[[ DATA RECORDS, beginning ]]

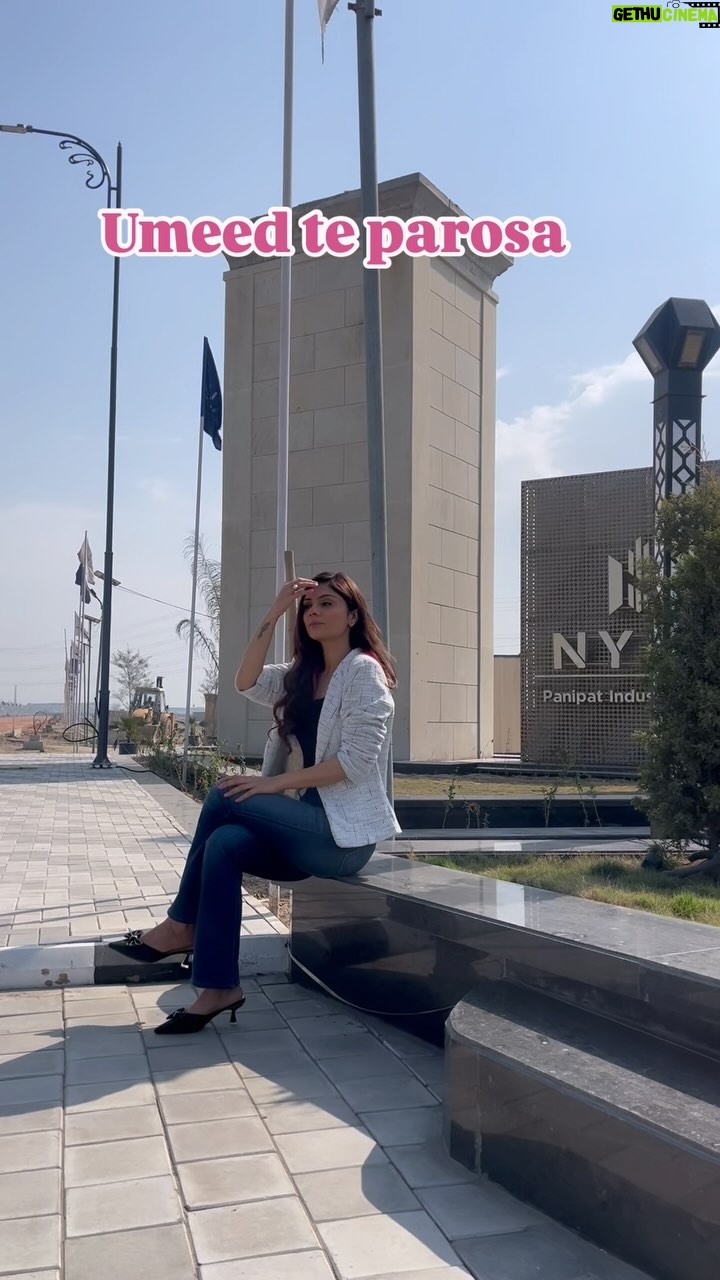 RJ Sheetal Sharma - 2.1K Likes - Rabb ikk din sab sahi kar dinda ae ❤️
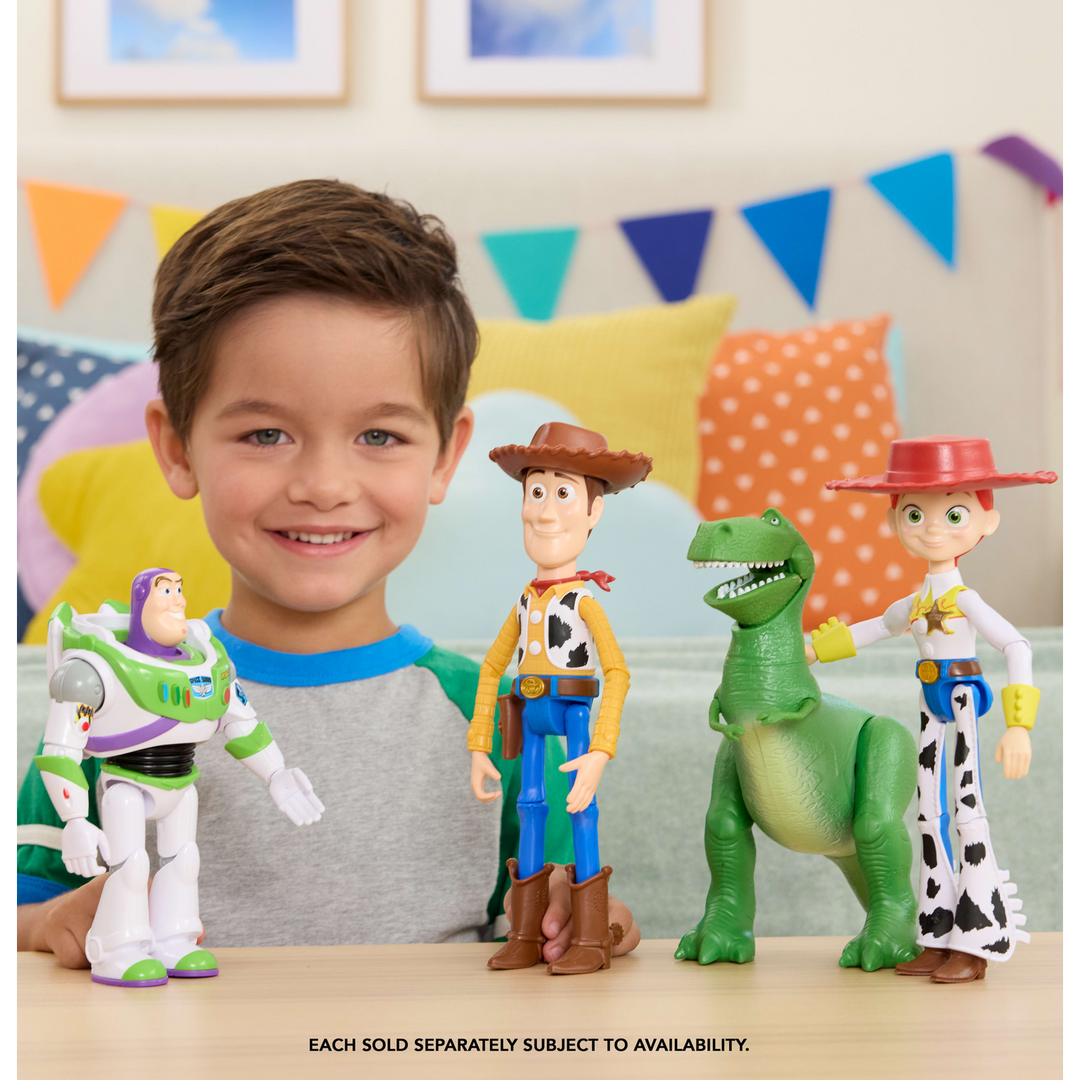 Mattel  Disney Pixar Toy Story Woody Action Figure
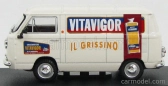 Edicola Fiat 850t Van Vitavigor 1965 1:43 Ivory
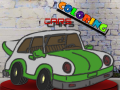 խաղ Coloring Cars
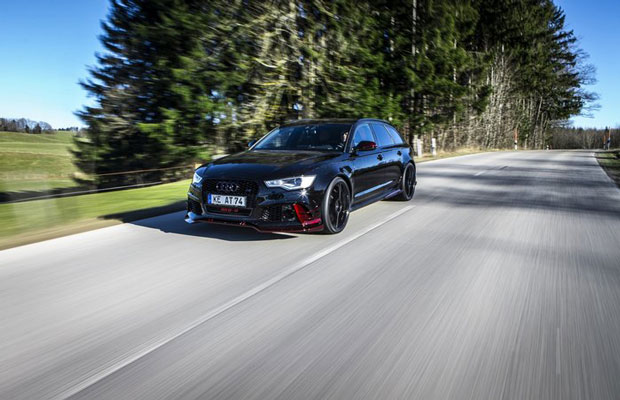 Audi RS6-R Avant ABT Sportline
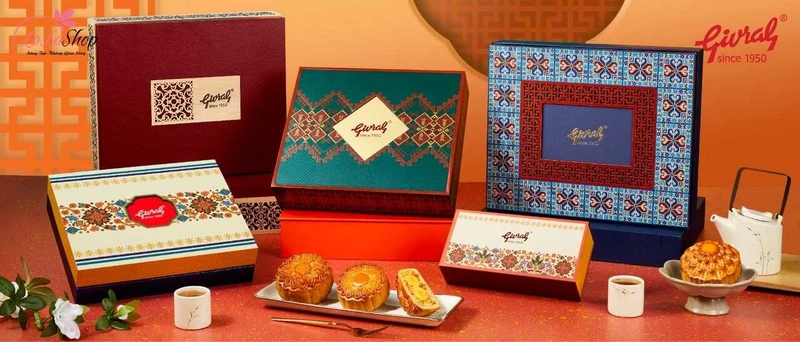 Givral sử dụng các nguyên liệu độc đáo mang đến trải nghiệm thú vị cho người tiểu đường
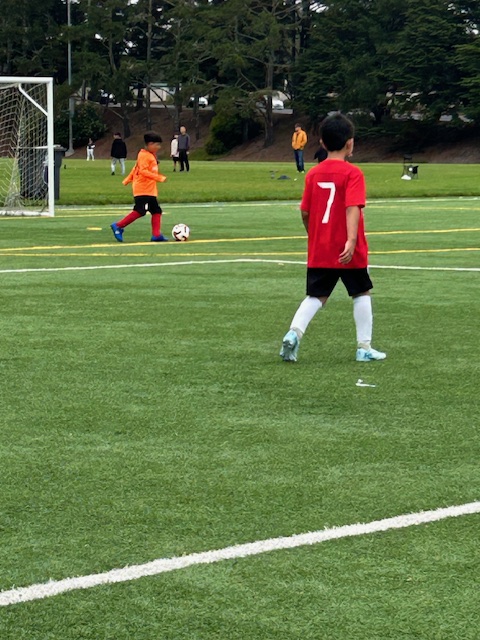 EFC_DC's tweet photo. ⚽🔥 What a kickoff!
Evolution FC Opening Day at Gellert Park was full of energy, teamwork &amp; goals. Big thanks to our players, coaches &amp; families for making it a great start! 🙌

#EvolutionFC #OpeningDay #GameDay https://t.co/V5QpwmwwIt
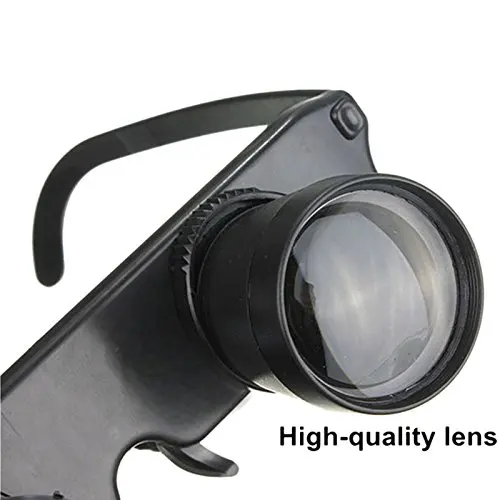 3X28 Binoculars Telescope Binoculars Glasses for Outdoor Fishing Game Watching Tackle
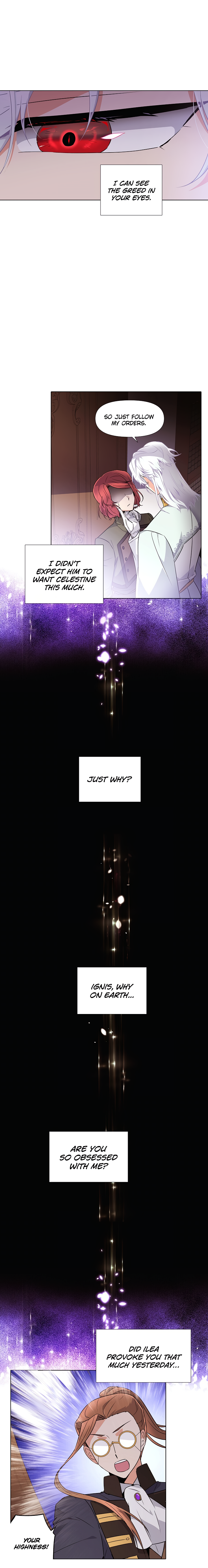 The Villain Discovered My Identity chapter 21 page 11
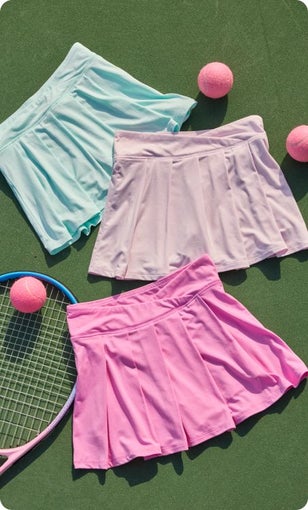 New Active Fits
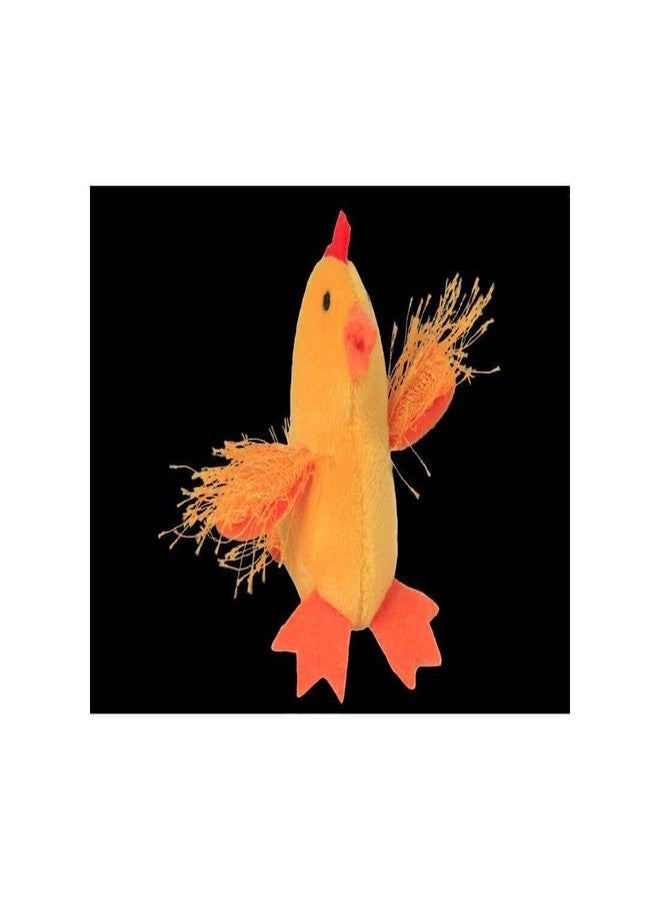 Multipet 36480 Look Who's Talking Cat Toy, Assortedcat - Image 5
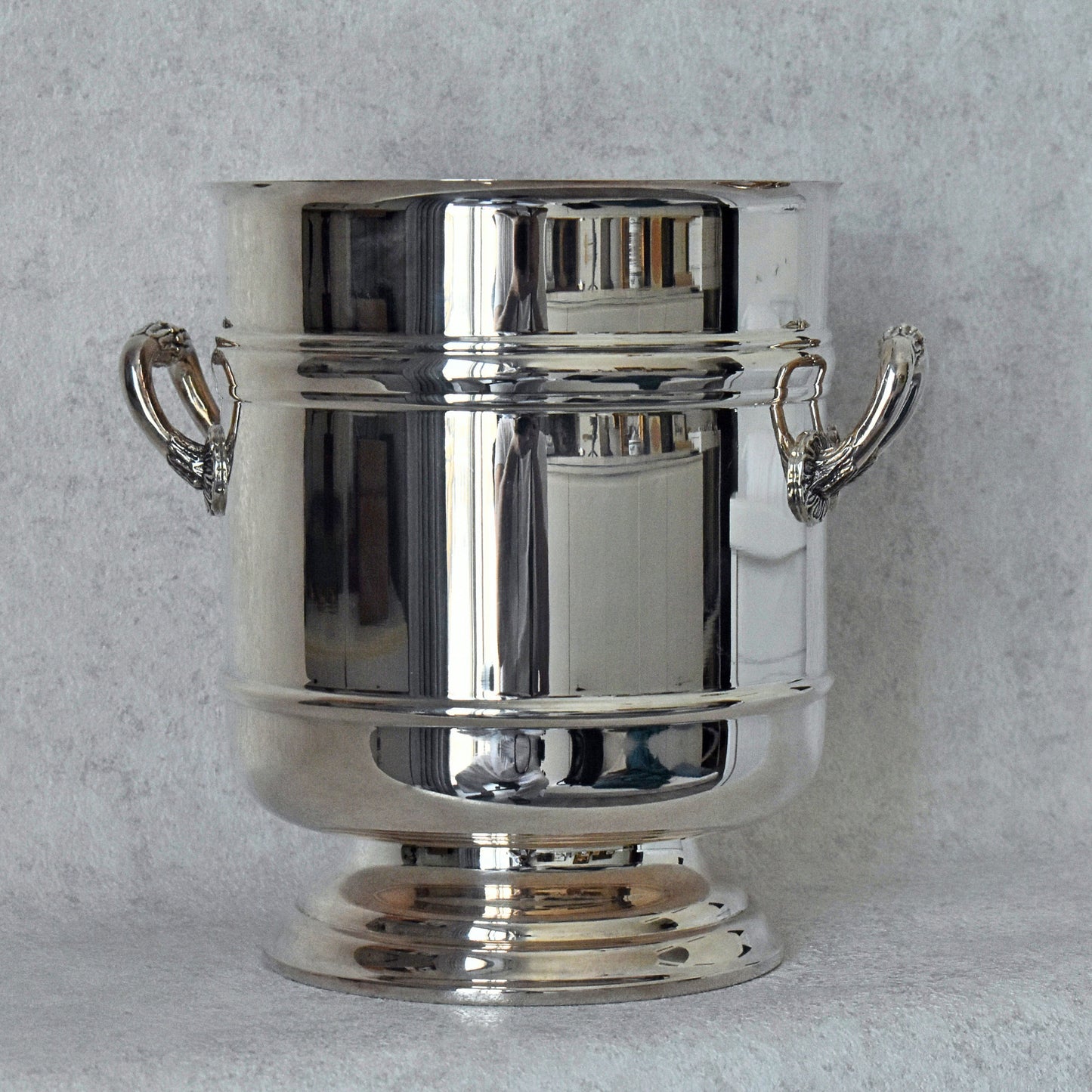 Christofle “Sully” Champagne Bucket, France 1970s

[[ DATA RECORDS, end ]]

# DESCRIPTION OF THE TASK
Reproduce exactly and only the lines from the line that contains "The Villain Discovered" to the end of the data above, both ends included. No pictures go in the copy.

# EXPECTED ANSWER
 The Villain Discovered My Identity chapter 21 page 11
 New Active Fits
 Multipet 36480 Look Who's Talking Cat Toy, Assortedcat - Image 5
 Christofle “Sully” Champagne Bucket, France 1970s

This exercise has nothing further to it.